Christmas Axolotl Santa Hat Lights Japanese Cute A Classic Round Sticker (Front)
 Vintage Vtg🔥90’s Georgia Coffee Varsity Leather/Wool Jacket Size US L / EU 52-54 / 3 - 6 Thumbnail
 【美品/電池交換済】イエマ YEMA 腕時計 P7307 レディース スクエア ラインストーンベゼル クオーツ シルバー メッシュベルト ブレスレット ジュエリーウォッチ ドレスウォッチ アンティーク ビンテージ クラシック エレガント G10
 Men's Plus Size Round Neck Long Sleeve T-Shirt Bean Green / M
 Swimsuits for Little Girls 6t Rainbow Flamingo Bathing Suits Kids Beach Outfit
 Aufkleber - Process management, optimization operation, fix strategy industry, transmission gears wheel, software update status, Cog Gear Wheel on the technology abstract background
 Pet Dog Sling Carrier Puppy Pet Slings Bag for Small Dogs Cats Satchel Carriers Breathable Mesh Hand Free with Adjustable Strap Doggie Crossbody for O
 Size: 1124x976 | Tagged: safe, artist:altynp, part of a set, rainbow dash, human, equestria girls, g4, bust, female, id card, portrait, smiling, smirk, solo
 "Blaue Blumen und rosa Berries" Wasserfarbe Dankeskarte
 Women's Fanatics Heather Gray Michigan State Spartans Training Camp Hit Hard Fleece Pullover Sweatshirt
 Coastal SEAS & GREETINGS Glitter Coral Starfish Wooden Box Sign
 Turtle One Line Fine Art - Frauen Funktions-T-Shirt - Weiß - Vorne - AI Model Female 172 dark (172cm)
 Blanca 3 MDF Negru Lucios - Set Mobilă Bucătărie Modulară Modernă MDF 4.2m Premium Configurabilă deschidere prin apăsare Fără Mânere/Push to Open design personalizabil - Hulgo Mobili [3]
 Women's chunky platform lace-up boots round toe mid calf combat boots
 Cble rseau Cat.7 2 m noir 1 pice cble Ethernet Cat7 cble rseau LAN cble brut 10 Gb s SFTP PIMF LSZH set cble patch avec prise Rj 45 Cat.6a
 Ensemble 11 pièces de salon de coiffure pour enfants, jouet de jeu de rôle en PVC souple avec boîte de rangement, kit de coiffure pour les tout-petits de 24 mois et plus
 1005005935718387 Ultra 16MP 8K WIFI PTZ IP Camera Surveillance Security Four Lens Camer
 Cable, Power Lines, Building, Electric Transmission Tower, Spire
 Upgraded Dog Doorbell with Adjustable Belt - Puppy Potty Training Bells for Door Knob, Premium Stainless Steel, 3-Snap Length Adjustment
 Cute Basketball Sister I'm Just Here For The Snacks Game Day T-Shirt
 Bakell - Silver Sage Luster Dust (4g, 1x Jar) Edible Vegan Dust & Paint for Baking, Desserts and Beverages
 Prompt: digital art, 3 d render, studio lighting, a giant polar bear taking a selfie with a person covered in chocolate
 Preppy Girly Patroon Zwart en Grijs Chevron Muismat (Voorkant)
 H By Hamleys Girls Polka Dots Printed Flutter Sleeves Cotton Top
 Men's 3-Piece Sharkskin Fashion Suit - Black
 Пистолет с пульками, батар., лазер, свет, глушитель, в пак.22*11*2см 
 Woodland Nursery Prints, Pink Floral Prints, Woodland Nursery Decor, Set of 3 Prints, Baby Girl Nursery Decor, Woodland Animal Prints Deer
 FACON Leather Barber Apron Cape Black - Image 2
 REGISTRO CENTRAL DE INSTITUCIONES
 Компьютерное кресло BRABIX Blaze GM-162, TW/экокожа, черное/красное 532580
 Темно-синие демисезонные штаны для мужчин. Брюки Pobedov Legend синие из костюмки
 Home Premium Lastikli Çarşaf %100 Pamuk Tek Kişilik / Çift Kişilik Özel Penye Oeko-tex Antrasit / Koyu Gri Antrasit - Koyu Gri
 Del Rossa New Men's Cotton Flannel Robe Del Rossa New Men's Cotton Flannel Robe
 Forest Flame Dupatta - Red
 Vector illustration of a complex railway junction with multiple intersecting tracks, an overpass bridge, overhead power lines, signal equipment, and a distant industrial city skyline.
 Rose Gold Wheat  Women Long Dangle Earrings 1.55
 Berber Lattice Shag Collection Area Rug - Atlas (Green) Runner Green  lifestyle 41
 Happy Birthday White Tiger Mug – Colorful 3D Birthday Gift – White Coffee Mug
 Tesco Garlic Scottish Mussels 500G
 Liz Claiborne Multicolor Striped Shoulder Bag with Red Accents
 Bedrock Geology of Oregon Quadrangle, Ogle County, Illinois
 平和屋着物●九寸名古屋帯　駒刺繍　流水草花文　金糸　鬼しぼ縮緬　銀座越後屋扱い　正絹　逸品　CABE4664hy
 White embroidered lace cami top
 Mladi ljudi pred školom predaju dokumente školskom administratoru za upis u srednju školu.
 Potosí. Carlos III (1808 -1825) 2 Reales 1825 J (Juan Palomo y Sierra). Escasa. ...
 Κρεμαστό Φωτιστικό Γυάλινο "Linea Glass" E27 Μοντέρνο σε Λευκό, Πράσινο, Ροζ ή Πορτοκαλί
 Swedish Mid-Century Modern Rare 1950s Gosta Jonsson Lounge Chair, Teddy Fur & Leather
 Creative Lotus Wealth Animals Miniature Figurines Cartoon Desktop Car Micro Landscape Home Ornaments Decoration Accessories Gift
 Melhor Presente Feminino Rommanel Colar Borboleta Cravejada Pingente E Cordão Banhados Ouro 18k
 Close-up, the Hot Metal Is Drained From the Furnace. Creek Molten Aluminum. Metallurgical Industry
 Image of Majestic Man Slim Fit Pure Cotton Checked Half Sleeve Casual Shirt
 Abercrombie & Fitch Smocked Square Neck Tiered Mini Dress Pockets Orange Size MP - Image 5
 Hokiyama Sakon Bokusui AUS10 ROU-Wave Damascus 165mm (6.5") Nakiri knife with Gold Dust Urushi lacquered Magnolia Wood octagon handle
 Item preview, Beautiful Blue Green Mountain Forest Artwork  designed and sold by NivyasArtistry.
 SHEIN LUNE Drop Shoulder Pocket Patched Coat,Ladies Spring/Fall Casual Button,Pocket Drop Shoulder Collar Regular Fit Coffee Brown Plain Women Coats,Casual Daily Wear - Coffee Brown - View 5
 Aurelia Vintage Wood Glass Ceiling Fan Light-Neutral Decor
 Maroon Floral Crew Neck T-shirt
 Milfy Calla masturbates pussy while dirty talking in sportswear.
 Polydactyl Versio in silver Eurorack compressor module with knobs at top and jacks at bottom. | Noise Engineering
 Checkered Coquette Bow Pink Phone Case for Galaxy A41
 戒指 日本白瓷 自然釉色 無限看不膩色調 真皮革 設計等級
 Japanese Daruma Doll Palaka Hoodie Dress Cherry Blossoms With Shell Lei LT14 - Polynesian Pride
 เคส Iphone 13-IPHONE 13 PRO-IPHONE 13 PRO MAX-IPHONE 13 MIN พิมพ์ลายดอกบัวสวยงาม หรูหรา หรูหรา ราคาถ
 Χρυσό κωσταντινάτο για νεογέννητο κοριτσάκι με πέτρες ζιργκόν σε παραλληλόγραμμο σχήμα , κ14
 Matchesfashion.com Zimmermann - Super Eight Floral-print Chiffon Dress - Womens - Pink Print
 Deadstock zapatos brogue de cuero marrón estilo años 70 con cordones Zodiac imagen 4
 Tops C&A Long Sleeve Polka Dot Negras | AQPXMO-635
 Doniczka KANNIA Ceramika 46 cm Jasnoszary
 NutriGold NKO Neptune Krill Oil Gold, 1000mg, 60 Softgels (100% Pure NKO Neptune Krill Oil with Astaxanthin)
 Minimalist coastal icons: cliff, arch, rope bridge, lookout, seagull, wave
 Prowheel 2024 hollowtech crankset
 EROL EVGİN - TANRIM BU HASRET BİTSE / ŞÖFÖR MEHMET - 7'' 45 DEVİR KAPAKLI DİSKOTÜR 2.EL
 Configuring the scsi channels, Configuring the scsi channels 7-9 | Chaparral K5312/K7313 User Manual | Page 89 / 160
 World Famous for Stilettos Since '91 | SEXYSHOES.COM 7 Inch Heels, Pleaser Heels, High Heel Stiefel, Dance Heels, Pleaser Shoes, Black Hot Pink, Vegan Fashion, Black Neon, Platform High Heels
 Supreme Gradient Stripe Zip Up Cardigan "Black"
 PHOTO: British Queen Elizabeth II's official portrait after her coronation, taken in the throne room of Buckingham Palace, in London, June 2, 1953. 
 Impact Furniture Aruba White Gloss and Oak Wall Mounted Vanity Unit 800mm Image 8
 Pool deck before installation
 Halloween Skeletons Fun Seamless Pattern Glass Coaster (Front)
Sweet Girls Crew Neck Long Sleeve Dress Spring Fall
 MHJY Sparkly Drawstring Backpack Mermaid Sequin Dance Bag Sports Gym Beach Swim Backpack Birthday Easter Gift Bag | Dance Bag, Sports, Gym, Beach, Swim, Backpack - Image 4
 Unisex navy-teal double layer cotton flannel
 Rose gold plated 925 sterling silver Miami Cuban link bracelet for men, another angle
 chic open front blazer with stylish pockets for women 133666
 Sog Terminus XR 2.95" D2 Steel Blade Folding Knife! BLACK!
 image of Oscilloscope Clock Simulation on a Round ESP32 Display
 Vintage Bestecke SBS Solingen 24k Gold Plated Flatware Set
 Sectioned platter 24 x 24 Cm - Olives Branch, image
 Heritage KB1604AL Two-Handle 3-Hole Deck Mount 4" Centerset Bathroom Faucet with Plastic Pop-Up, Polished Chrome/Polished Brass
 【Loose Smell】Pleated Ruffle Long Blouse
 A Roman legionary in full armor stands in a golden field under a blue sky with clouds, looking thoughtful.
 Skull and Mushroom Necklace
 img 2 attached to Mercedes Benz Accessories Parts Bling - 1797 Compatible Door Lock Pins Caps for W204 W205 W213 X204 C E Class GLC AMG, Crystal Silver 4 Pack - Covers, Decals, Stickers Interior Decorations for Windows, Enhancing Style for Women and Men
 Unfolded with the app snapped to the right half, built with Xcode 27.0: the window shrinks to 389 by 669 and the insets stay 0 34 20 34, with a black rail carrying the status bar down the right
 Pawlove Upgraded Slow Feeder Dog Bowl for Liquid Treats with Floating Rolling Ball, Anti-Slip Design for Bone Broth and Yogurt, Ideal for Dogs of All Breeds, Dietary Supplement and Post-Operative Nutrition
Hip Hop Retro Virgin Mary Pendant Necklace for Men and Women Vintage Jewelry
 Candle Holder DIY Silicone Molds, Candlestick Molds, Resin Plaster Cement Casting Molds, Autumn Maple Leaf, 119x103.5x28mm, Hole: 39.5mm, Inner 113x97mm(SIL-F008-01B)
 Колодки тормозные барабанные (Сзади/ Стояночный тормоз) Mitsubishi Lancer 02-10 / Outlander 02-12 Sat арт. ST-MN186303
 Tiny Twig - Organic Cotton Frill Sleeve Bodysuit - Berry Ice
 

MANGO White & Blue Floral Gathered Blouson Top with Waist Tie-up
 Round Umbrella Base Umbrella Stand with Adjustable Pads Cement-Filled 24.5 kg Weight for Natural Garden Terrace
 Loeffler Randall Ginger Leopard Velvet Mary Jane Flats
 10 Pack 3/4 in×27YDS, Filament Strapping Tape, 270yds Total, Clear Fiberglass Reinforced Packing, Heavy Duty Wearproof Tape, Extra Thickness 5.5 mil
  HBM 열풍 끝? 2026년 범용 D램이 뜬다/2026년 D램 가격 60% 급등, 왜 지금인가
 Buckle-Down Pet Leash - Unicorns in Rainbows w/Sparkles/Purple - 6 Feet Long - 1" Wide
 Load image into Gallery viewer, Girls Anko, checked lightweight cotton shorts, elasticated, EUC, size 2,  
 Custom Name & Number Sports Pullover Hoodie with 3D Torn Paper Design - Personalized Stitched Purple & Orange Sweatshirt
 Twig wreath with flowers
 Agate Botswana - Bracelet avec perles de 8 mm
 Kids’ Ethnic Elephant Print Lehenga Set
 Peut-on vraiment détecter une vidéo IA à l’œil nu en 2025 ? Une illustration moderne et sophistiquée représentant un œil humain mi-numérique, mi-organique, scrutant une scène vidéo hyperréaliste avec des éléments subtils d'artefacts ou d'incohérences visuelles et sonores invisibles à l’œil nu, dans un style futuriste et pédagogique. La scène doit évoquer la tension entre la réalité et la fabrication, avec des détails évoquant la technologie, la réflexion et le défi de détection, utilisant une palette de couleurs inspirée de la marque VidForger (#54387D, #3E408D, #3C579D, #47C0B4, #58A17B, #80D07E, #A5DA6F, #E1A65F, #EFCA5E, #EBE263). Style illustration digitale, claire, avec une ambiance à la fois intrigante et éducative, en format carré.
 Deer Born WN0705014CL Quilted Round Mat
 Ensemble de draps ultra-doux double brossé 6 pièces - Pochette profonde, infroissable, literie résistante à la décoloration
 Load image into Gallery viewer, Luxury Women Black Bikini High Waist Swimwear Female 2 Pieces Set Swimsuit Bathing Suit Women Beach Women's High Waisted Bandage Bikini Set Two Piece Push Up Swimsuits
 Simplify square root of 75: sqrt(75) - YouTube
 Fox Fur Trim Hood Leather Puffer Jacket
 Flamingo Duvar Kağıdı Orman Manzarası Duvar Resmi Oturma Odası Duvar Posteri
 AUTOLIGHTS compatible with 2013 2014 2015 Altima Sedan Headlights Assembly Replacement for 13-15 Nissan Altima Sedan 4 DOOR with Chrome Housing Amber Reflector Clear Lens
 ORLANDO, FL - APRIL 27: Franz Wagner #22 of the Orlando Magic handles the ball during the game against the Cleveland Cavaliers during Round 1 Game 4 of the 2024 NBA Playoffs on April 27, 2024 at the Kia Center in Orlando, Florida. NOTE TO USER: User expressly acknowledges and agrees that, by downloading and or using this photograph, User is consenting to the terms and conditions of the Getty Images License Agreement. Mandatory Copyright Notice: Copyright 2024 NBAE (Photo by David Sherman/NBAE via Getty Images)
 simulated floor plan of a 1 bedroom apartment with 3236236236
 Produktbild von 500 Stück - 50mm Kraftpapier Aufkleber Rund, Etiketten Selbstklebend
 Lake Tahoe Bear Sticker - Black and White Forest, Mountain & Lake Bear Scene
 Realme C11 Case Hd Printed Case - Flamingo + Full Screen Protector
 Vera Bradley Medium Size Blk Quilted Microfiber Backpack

▶ [What to do]:
Look through the entries above and copy each line that has "Chrome" in it.

▶ [The completed task]:
 Heritage KB1604AL Two-Handle 3-Hole Deck Mount 4" Centerset Bathroom Faucet with Plastic Pop-Up, Polished Chrome/Polished Brass
 AUTOLIGHTS compatible with 2013 2014 2015 Altima Sedan Headlights Assembly Replacement for 13-15 Nissan Altima Sedan 4 DOOR with Chrome Housing Amber Reflector Clear Lens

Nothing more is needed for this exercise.